It’s no longer enough for infantry squad leaders to thoroughly know their job and ensure their soldiers are properly trained to close with and destroy the enemy, explained 1st Heavy Brigade Combat Team Commander Col. Jim Crider.

On Tuesday, “Willing and Able” infantrymen assigned to the 2nd Battalion, 7th Infantry Regiment, 1st HBCT, 3rd Infantry Division conducted village-stability operations at Bastogne Village, a mock Afghanistan village on Fort Stewart.

Infantry soldiers were required to react appropriately to insurgent fire and to use culture and language classes and negotiating and relationship-building skills to defuse volatile situations in remote villages.

“This is a 72-hour long exercise,” Crider said, explaining that many villages in Afghanistan have been inhabited for thousands of years. “You can’t just come in there as an outsider and expect people to accept you. Squad leaders will have to make tough ethical and moral decisions as well as normal combat decisions during this exercise. This is what they’ll have to do (if) we’re deployed to Afghanistan. They have to be on guard 24 hours a day.”

Lt. Col. Todd Kelly, 2/7th Inf. commander, described the exercise as a means of understanding those second- and third-order effects to actions taken by American forces, like the accidental burning of copies of the Koran. He said 3rd ID Commander Maj. Gen. Robert “Abe” Abrams stressed village-stability training as an important goal for anticipated deployments to Afghanistan.
“The village elder is the center of gravity for the Afghani village,” Kelly said. “He’s an arbitrator of disputes and leader of his people. Nowadays, though, the average elder is in his 40s. After 30 years of conflict in that country, there’s been an almost elimination of elders.

“The Soviets had a scorched-earth policy toward anyone who stood in their way, and the Taliban eliminated elders who didn’t support them. Now that piece of Afghan society is trying to re-build itself. Part of what we do is help them by providing a more stable village and allowing the Afghan people to fill that civil leadership void.”

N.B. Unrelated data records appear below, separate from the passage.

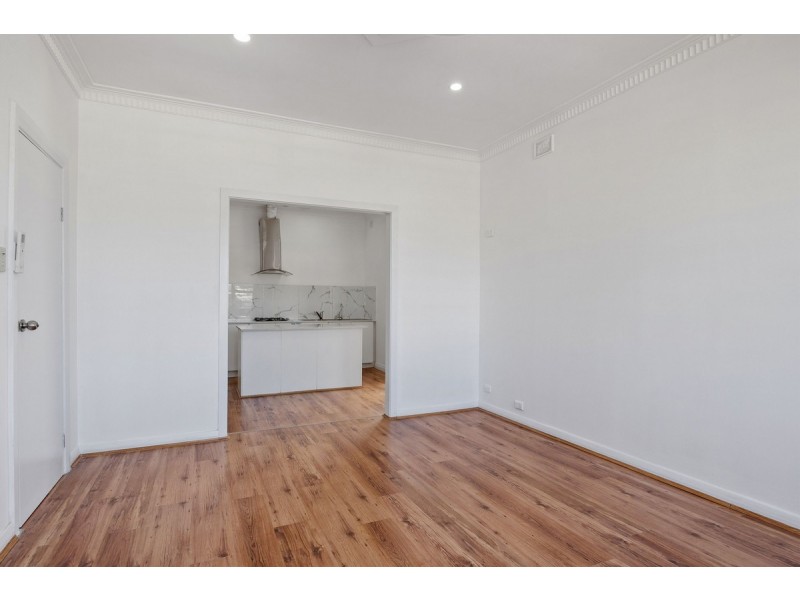 8 Third Street, Wingfield SA 5013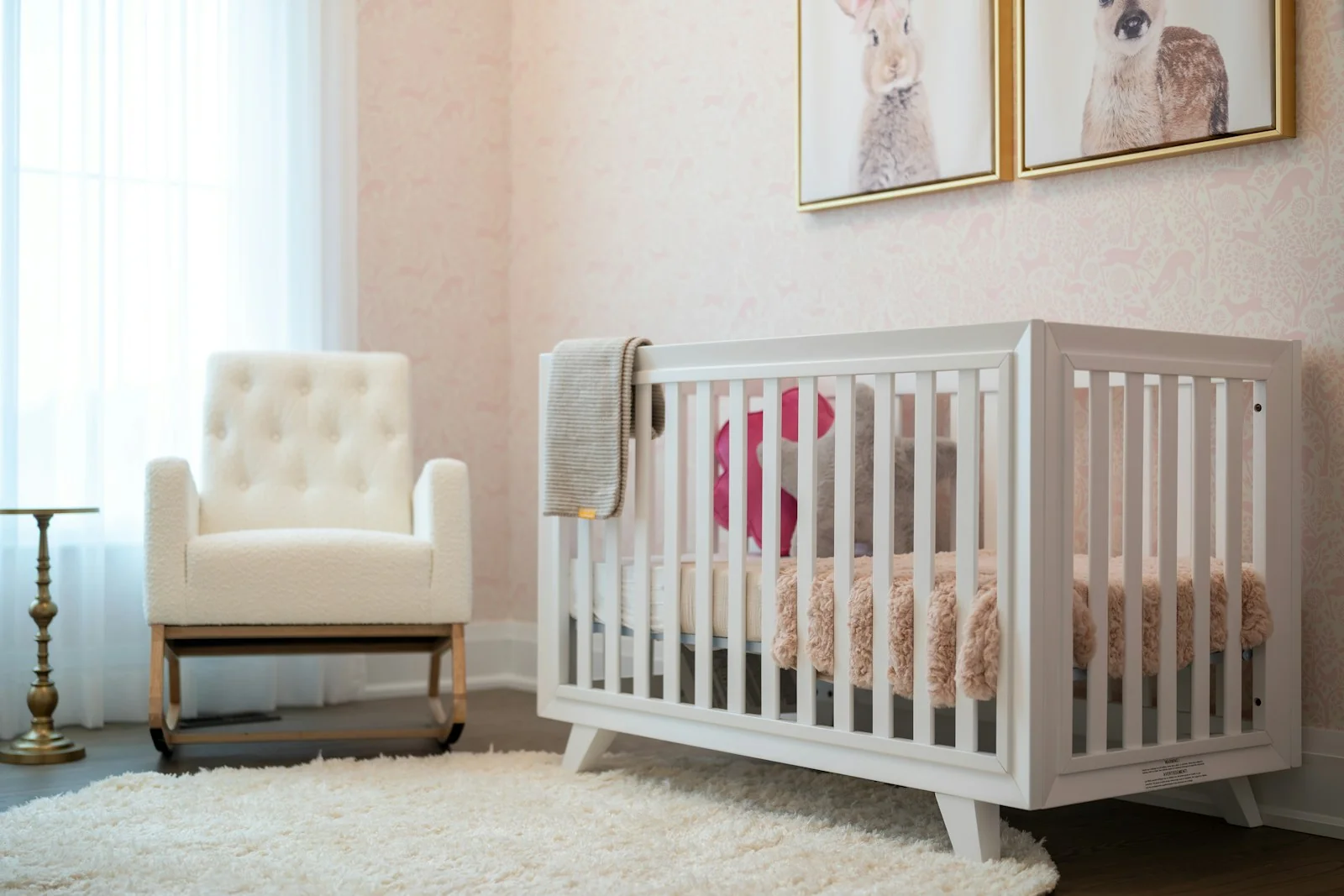 kamar bayi terang dengan boks bayi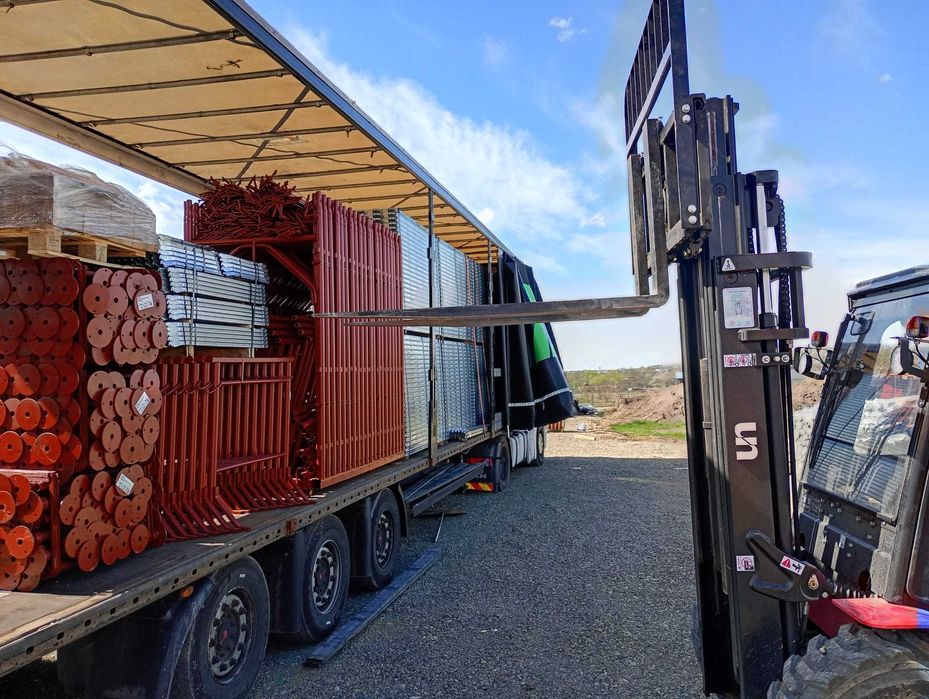 Schelă metalică completă import Italia, Nouă/Uzata - de vanzare și închiriere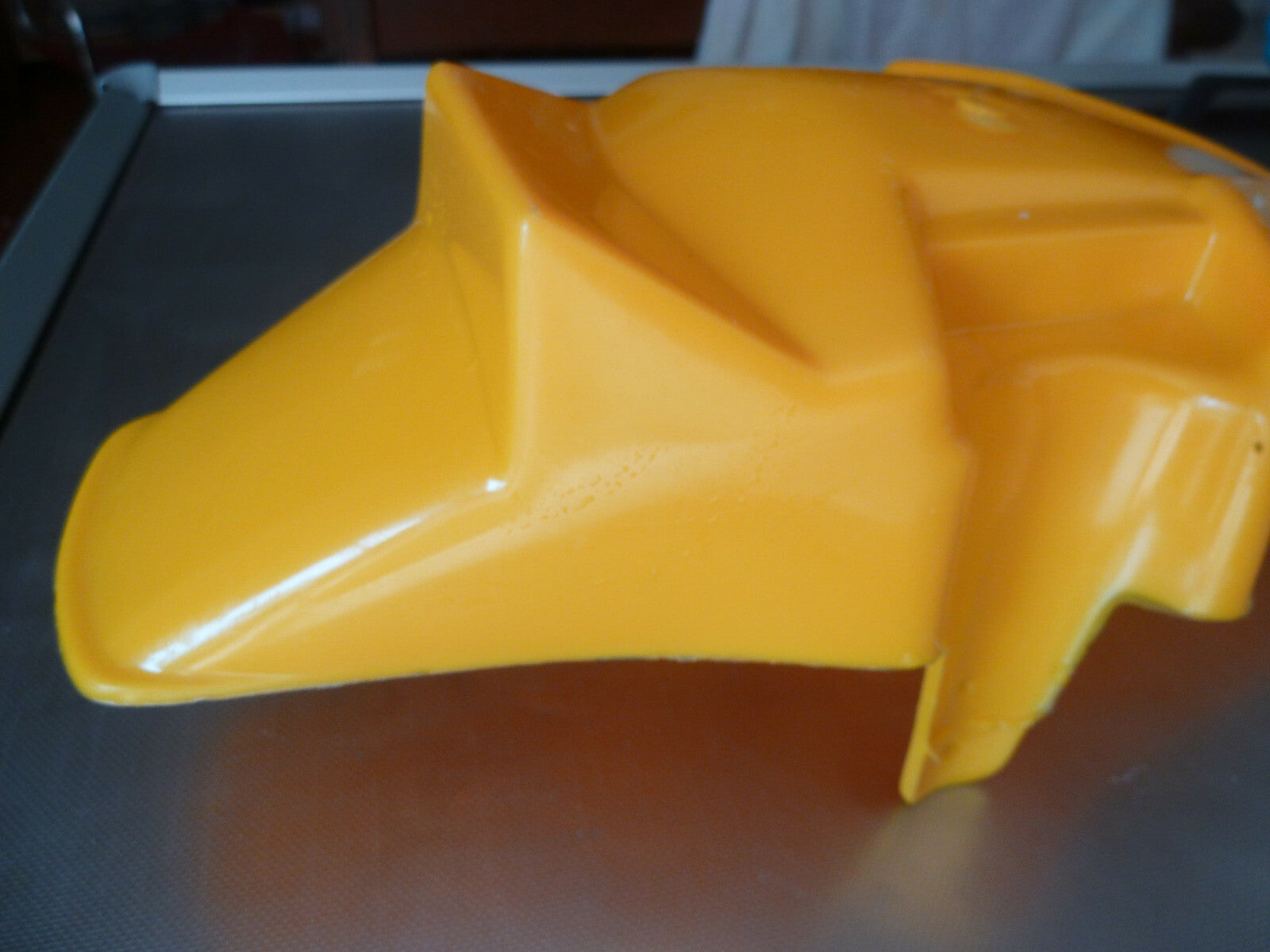 garde boue plastique vintage mobylette mob jaune avant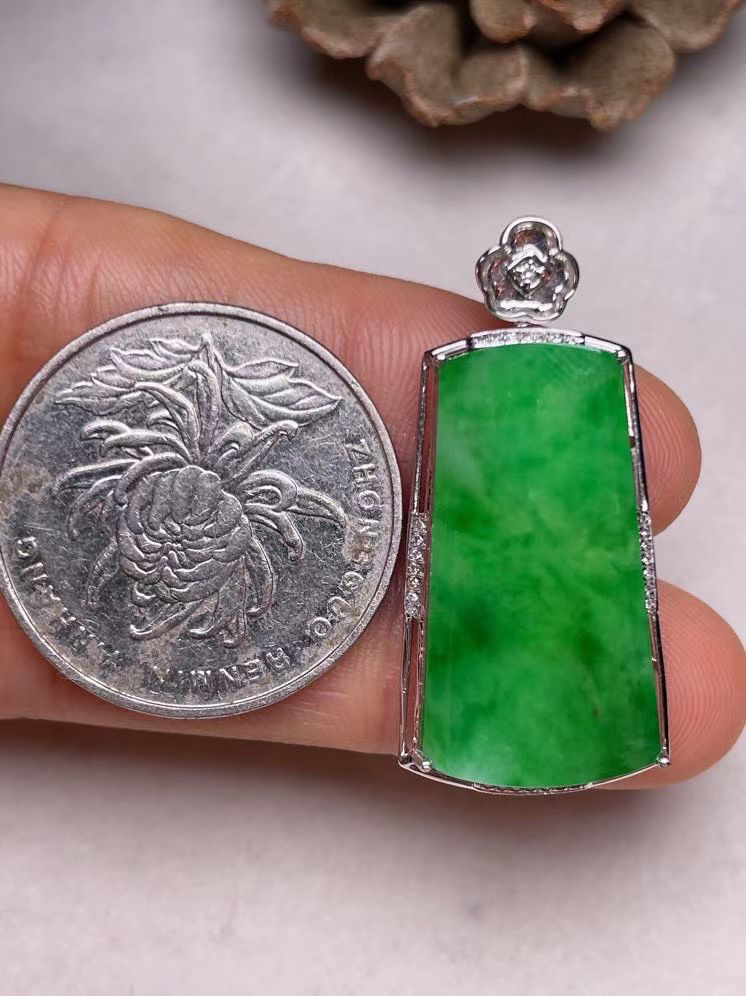 冰种辣绿平安无事牌吊坠、真金真钻镶嵌，种水好，玉质细腻 .裸石尺寸 25.5*14.3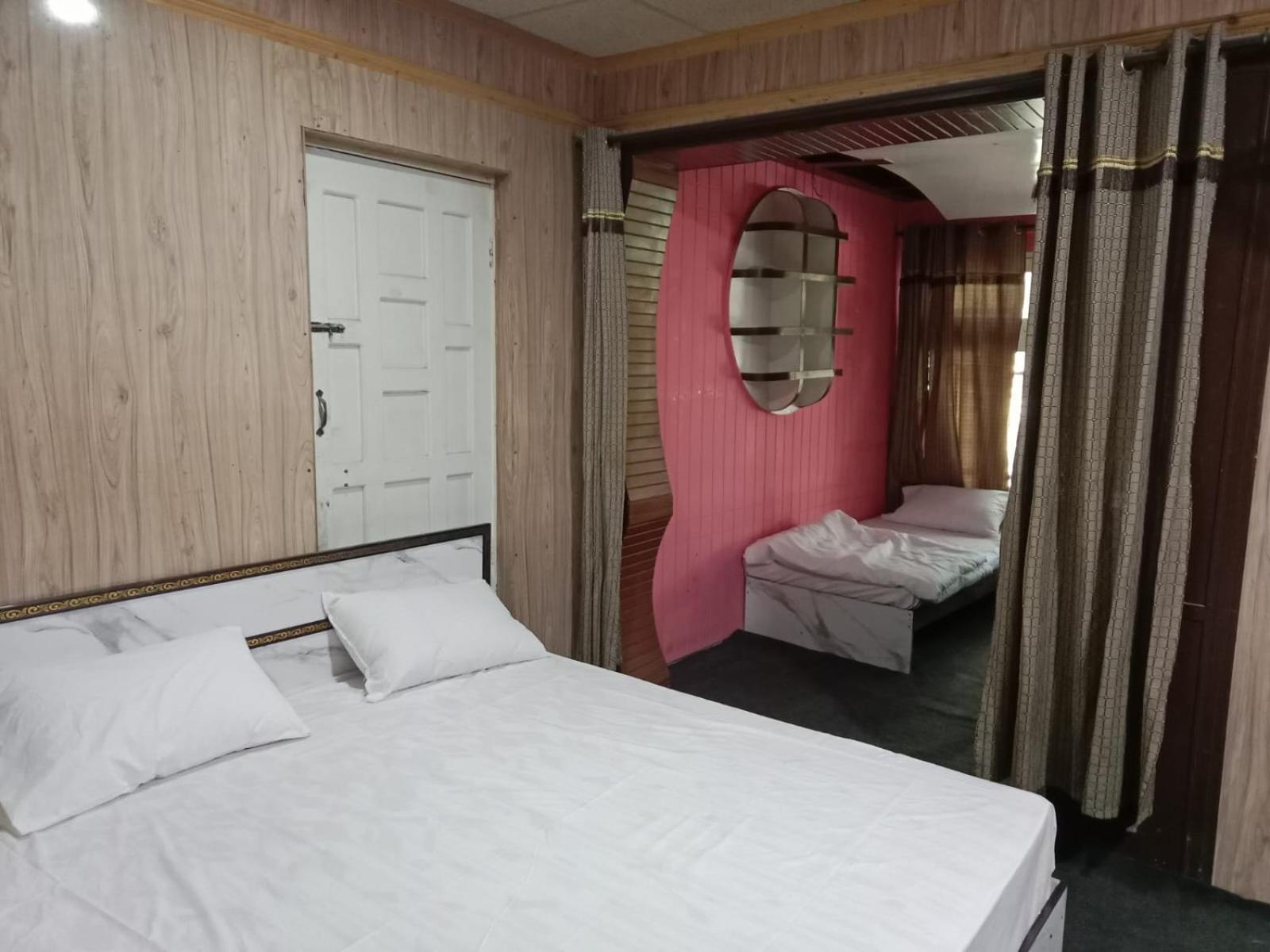 Golden Ibex Resort Скарду Екстериор снимка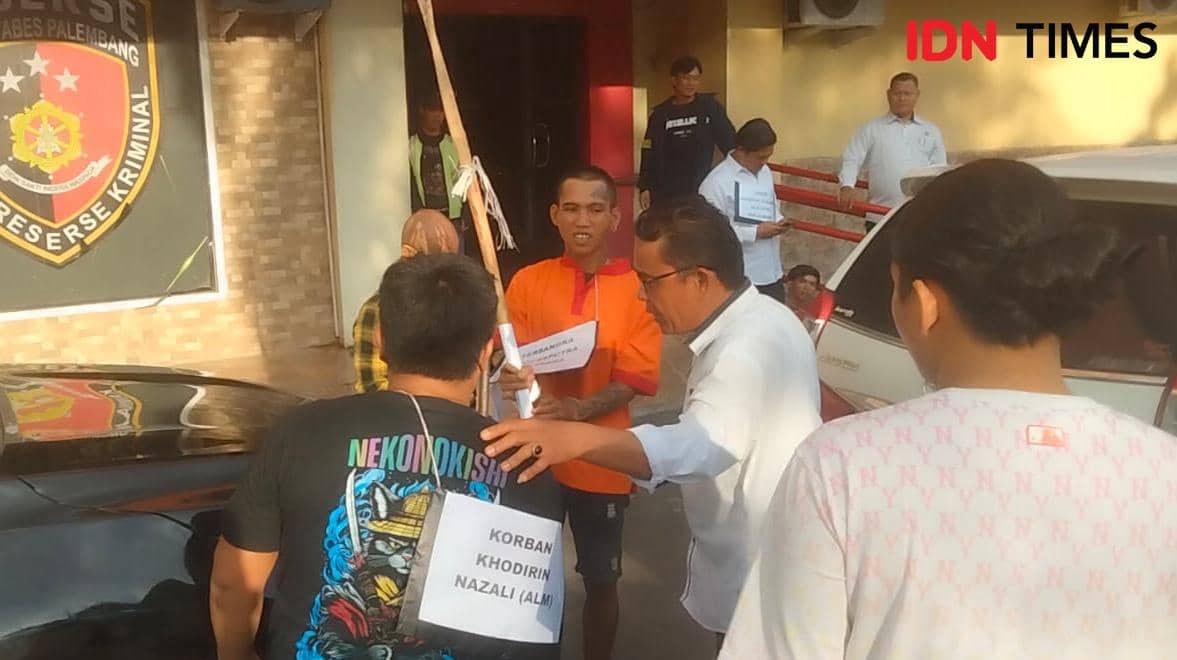 Adegan rekonstruksi pembunuhan sopir truk di Palembang digelar di Polrestabes Palembang (IDN Times/Rangga Erfizal)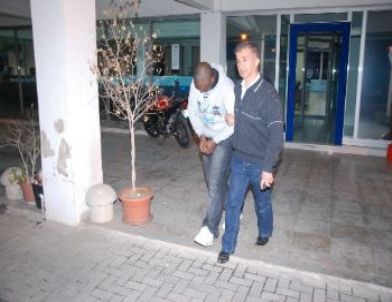 İzmir'de 2 Kamerunlu Dolandırıcı Yakalandı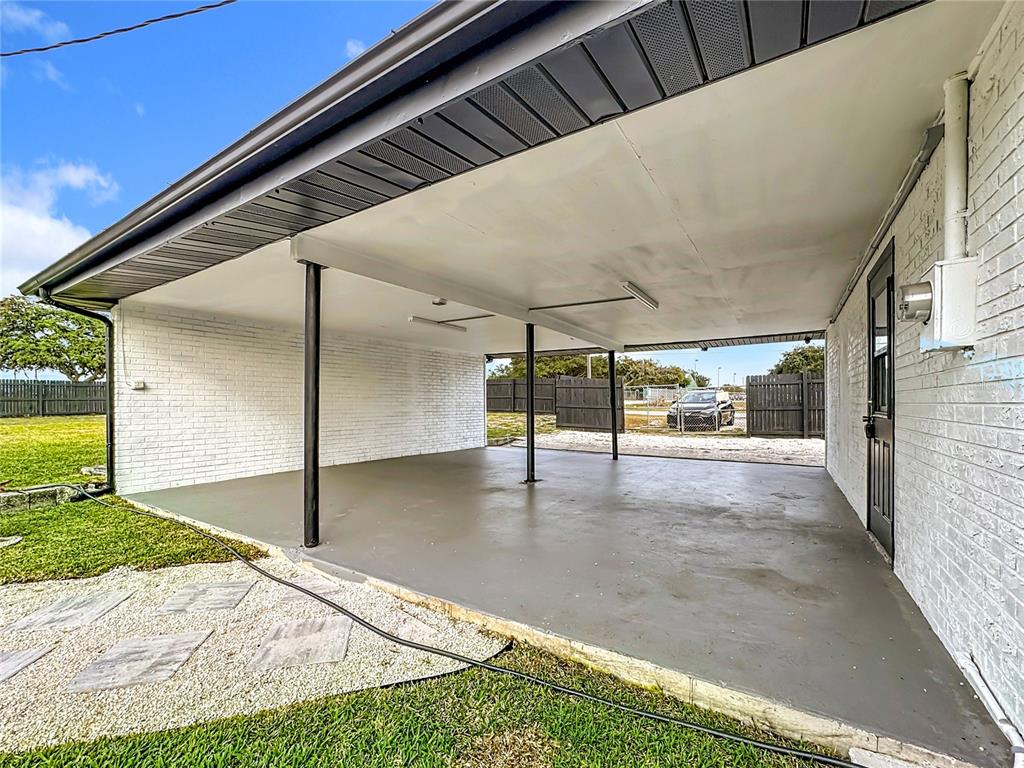 1890 Tyner Road Haines City, FL 33844 - Photo 42 of 48 a view of a porch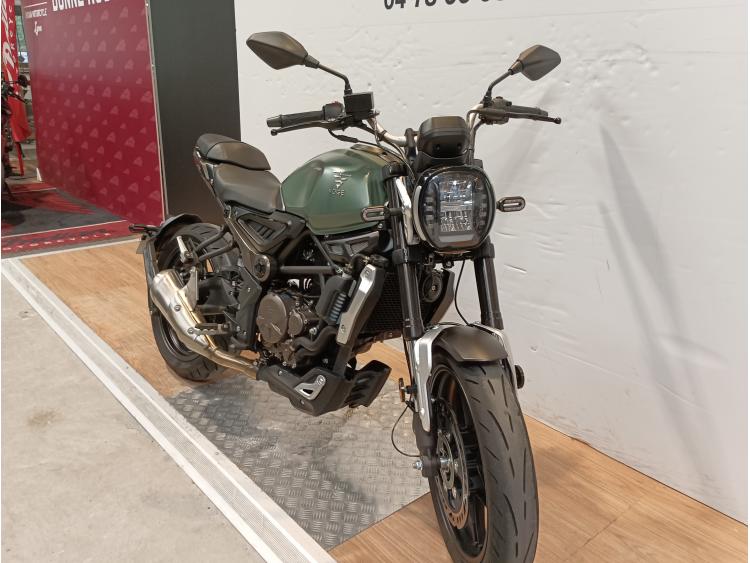 VICTORY 300 AC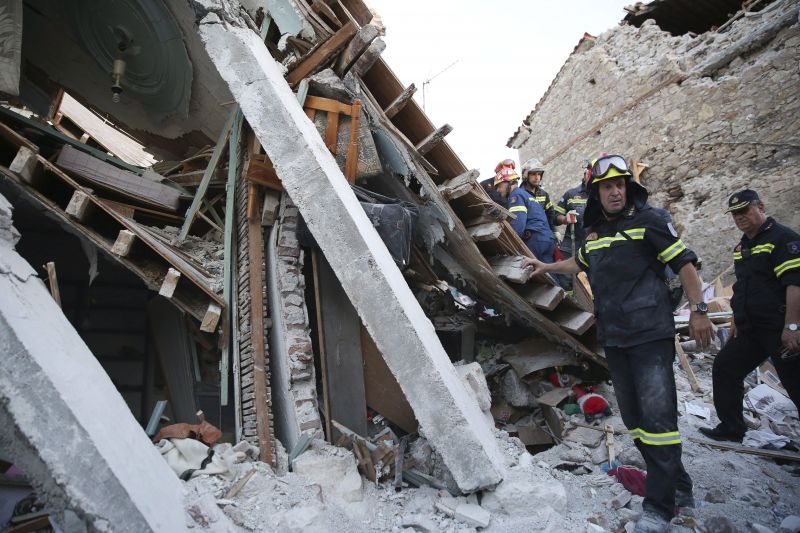 Hatalmas károkat okozott a görögországi földrengés – fotók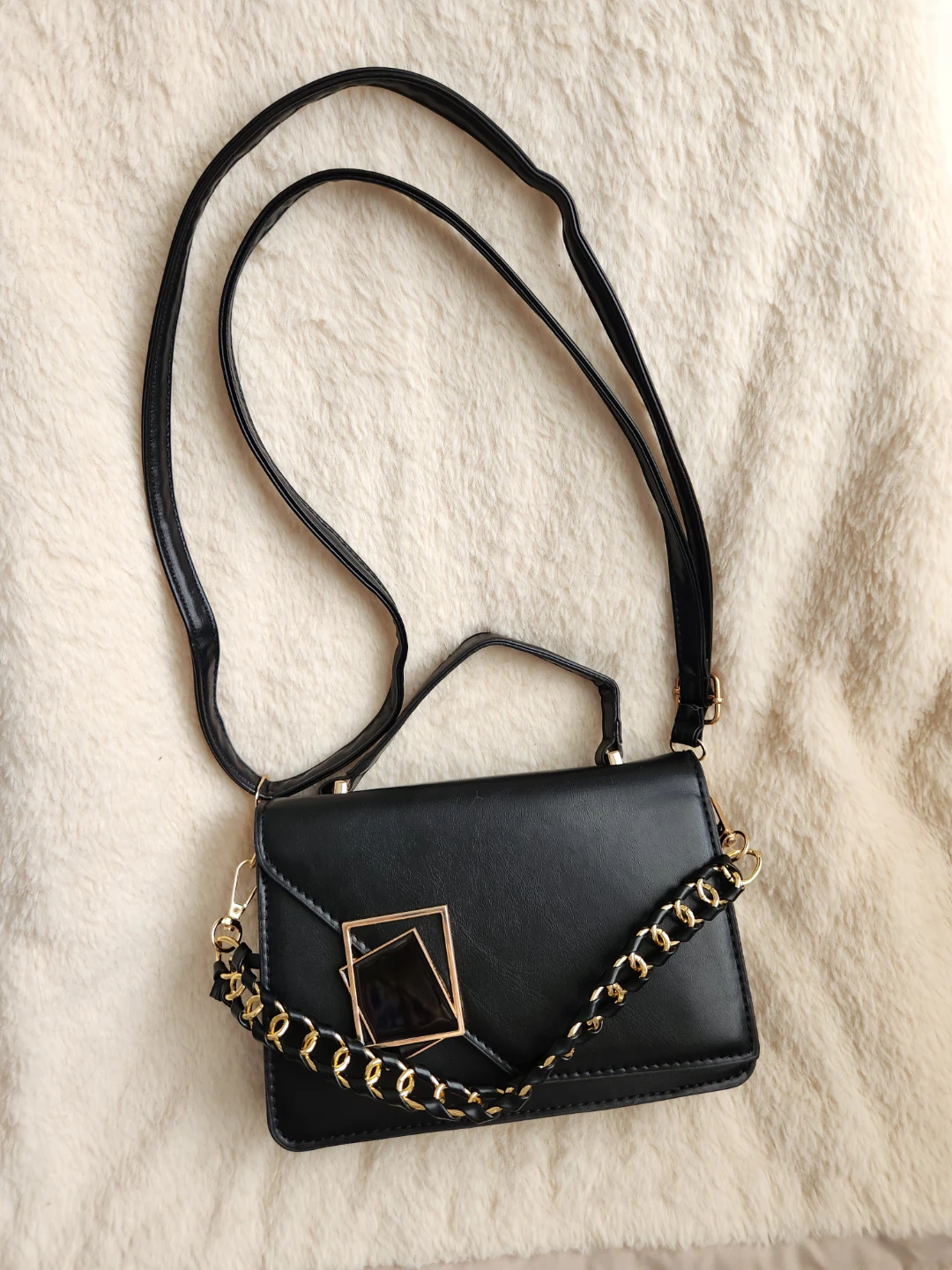 🖤 Stylish black handbag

He said most of what American forces do to achieve this goal is talk with elders to learn how they can help Afghan security forces and elders improve their villages.

Sgt. 1st Class Garry White said the exercise wasn’t greatly different from previous training for deployments to Iraq. He said he’s been doing village-stability operations for years but on a company or battalion level, rather than squad level.

Staff Sgt. Samuel Tiner called the training “real world” situations that require the squad leader to constantly consider the second- and third-order effects of their decisions.

Sgt. Adam Brown, who portrayed a village elder, said working on the other side helped him understand the Afghani perspective.

“If you promise me you’re going to provide security for my village, and you let me down, I’m less likely to trust you next time,” Brown said. “It’s all about trust.”

Crider talked about after-action review. At the end of the AAR, a private raised his hand to comment.

“He told me he now understood it wasn’t enough for him to understand his own job and the job of everyone in his squad,” Crider said. “He said he had to understand those second-and-third order effects to actions taken by himself or his squad. I was so glad to hear him say that. I immediately gave him a (1st HBCT) coin.”